The rationale, state officials said, was that responsible homeowners had no way to know that they should have flood insurance in areas that federal experts deemed to be outside the flood plain.

"The storm surge was the priority," said Lee Youngblood, communications director of the Mississippi Development Authority. "Mississippi had no intention of compensating people who chose, for whatever reason, not to have wind insurance."

That formula struck some advocates as discriminatory. "The criteria discriminated against black storm victims, who more likely than not were renters, or, if homeowners, more likely than not lacked insurance," said Reilly Morse, co-director of housing policy for the Mississippi Center for Justice.

The state's formula had the effect of freezing out people whose homes were destroyed by the wind, which along much of the Mississippi coast meant black residents who often lived in paid-off homes that had been handed down through the generations.
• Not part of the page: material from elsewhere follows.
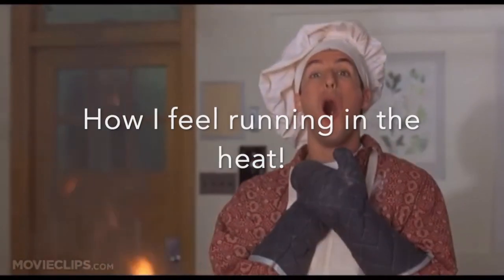Hey guys, it's hot as hell out here in sunny California and summer is just around the corner. In this video I'm gonna give you guys five tips to help you run better in the hot weather. Let's do this.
The expensive waterfront property was mostly owned by whites, while inland property, which suffered more wind damage, was owned largely by blacks.

In Gulfport, a railroad embankment that has long served as an informal racial demarcation line became a levee when Katrina hit.

As the surging waters crashed through their patio door and rose five feet in their home, a white couple, Ernest and Doreen Chamberlain, gathered their family and sought refuge on the black side of the tracks.

Coming upon an old, wood-frame house he thought was abandoned, Ernest Chamberlain began trying to break the door down, only to be surprised when it was opened by Irene Walker, an elderly black woman.

"She was like, 'Mister, what are you doing?' " he recalled. "Then she invited us in."

That's where the Chamberlains rode out the storm, even as raw sewage backed up into the Walker home.

Five years later, the Chamberlains are back in their sunny home. Although they had to fight with insurers and contractors, they secured a $150,000 grant from the state to help repair the flood damage, which totaled nearly $200,000.

Meanwhile, the Walker home sits abandoned. A church group installed a new roof, but the interior remains untouched. The 82-year-old Walker, meanwhile, is living with family members a few miles away.

"She hasn't gotten any help from the government for the house," said Occelletta Norwood, Walker's niece. "She got a little money from FEMA at the start, but that was it."